◆ **Supplied material**
· · ·

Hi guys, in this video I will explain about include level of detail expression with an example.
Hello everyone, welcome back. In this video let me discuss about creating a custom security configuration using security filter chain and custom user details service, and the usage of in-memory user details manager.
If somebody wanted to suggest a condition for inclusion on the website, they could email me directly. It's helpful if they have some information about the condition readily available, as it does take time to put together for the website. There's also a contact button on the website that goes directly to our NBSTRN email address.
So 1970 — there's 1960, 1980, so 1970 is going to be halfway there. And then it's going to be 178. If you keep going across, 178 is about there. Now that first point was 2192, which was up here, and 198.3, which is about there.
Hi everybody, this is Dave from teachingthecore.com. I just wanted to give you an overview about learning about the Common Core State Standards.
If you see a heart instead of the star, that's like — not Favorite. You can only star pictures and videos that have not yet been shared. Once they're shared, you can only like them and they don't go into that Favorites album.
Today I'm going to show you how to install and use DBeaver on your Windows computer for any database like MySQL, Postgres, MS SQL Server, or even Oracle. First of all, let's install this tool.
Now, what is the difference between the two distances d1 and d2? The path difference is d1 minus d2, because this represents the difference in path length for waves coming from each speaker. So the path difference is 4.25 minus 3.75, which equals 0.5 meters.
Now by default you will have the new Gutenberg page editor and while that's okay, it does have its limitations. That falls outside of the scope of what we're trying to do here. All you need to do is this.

· · ·

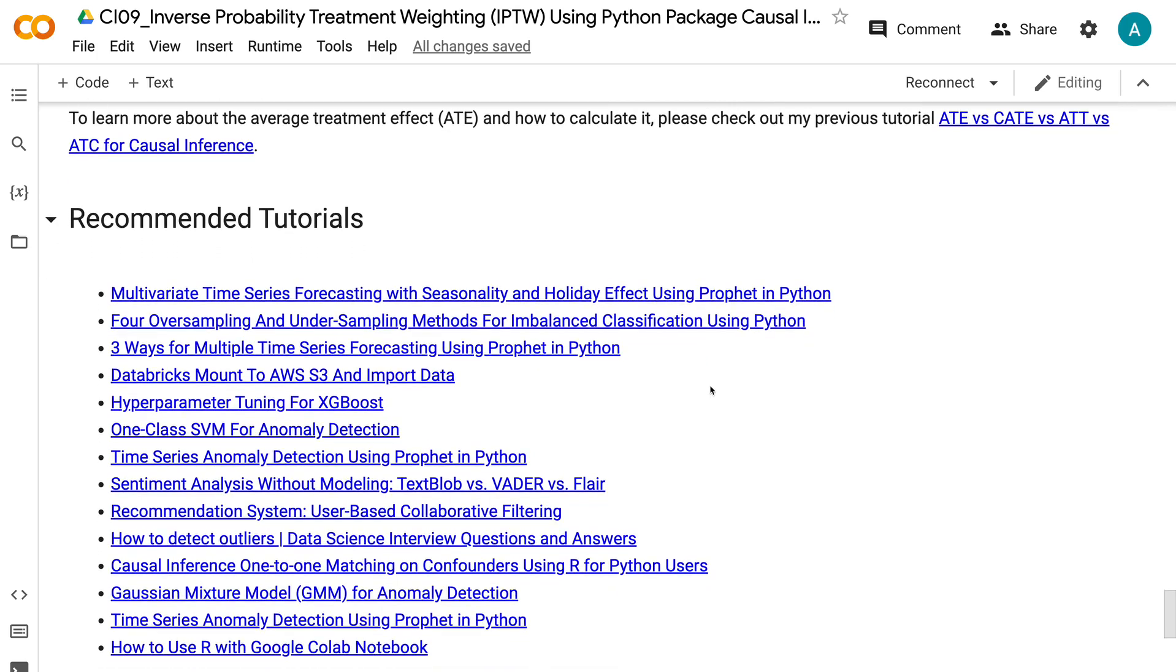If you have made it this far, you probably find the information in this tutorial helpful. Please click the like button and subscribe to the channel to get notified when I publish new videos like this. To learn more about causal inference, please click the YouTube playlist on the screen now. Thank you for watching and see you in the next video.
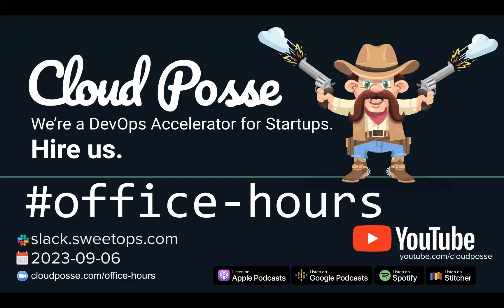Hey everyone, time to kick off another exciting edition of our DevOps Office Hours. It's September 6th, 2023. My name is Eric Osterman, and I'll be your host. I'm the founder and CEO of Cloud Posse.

· · ·

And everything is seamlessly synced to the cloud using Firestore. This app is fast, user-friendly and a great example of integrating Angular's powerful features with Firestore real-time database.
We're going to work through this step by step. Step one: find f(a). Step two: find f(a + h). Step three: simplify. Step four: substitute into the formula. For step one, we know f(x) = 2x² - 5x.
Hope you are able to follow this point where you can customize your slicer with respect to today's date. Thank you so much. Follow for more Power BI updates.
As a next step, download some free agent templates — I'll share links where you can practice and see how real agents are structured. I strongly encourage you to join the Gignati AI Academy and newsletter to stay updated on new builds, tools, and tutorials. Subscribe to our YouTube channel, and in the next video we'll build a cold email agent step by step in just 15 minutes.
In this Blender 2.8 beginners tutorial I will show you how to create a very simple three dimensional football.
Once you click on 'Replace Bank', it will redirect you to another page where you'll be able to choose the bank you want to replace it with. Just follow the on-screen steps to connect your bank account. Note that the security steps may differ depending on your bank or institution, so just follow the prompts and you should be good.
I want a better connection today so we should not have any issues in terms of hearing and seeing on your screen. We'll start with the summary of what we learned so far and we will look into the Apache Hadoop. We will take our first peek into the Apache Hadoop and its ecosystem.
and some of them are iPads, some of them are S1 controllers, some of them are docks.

· · ·

◆ **Task details**
In the entries above, restate word for word the lines between the one holding "Hi everybody, this" and the one holding "Today I'm going", inclusive, and nothing besides.

◆ **Output for this task**
Hi everybody, this is Dave from teachingthecore.com. I just wanted to give you an overview about learning about the Common Core State Standards.
If you see a heart instead of the star, that's like — not Favorite. You can only star pictures and videos that have not yet been shared. Once they're shared, you can only like them and they don't go into that Favorites album.
Today I'm going to show you how to install and use DBeaver on your Windows computer for any database like MySQL, Postgres, MS SQL Server, or even Oracle. First of all, let's install this tool.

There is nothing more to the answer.